Despite a successful career that has included such iconic designs as the sky-filled umbrella she created with the late Tibor Kalman for the Museum of Modern Art, the Italian-born, New York–based designer knew that she was missing something. It certainly wasn’t a sterling design pedigree: she is the daughter of the Italian architect Gianfranco Frattini, the wife of the former Knoll design director Carl Magnusson, and an accomplished architect in her own right, with an extraordinary range of professional experience. Instead of adhering to the custom of her adopted country and specializing narrowly, she has followed the Italian tradition of designing at a variety of scales, from buildings to billfolds. Even so, she didn’t know how to calculate overhead or properly price her time. She didn’t even really understand the difference between a stock and a bond. “I always felt I needed a business education,” she says.
So three years ago, at the age of 48, she enrolled in the Executive MBA program at New York University—where, thanks to her photo in the program’s print ads, she became quite literally the poster child for midcareer pros going back to school. She graduated a year ago, and now, in the teeth of a biting recession, she and a classmate have started their own luxury-leather-goods business. Only this time around, she didn’t just blithely dream up some products and hope for the best. “I have a much better understanding of the process of value creation,” she says.
She is putting that understanding to work at Manù, her new venture, which dispenses with high-priced stores—and their hefty markups—to offer carefully designed high-end leather goods directly to consumers at Manumanu.com. Its debut collection launches this month. Manù, by the way, is short for “Emanuela.” She also likes it because it suggests “handmade” (as in manual), while the M echoes Kalman’s M&Co. and the first name of her partner, Marco Barcella, who is Manù’s chief financial officer and cochief executive.

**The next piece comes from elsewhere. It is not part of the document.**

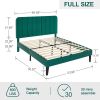 Full size Green Upholstered Platform Bed Frame with Headboard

Designers start little firms all the time. What’s interesting about this one is the way the consciousness-raising experience of business school helped shape it. In school, Frattini Magnusson and Barcella analyzed luxury-goods companies for an assignment, and once they decided to go into business together, they did things few designers do: conducted market research and drew up a full-blown business plan for themselves and the investors they hoped to attract. Since the partners have no outside funding—and undercapitalization is a leading cause of business mortality—Manù was structured so that it could function without much capital. The partners keep a small stock of just a few standard items in basic colors ready to ship immediately. By working with both Spinneybeck, a leading supplier of Italian leather that boasts some two million square feet of inventory, and an outside fulfillment company, Manù is able to offer a high degree of customization—including a palette of bright modern colors—and turn around orders in six weeks. (Frattini Magnusson and Spinneybeck were hardly strangers, the former having designed the latter’s headquarters near Buffalo, New York.)
The goods themselves are classic looking, functional, and leavened by wit. For $450 you can get a nicely proportioned market basket done in hairy cowhide, with sexy hardware expropriated from the legendary Porsche 356 convertible. There are also wallets, bracelets, handbags, and carry-on satchels, all handmade by New England craftsmen. The goal, the partners say, is to pour into product resources what might otherwise have gone into retail markups, inventory, or administrative expenses. “The idea behind Manù’s products,” says Barcella, “is that they synthesize quality and essential design and combine it with a lean and strategic business model that allows us to offer them for a lower price point.”
As was typical in her day, Frattini Magnusson learned nothing of business as an architecture student—a tradition that, for better or worse, is changing as design schools increasingly incorporate business courses (see “It’s Not Business as Usual,” May 2008). Gail Zauder, a veteran luxury-industry investment banker who is now the managing partner at Elixir Advisors, says she’s not so sure business education is essential for designers. What matters is that someone in the firm—the designer or a strong partner who has been involved from the outset—understands how business works. “The ones that succeed,” Zauder says, “have a right brain and a left brain.”
Manù seems to have both. But Frattini Magnusson very much believes that business savvy is something designers shouldn’t merely hire or associate with. “Nothing happens in life unless there is this ability to make it financially viable,” she says. “Resources are not infinite.”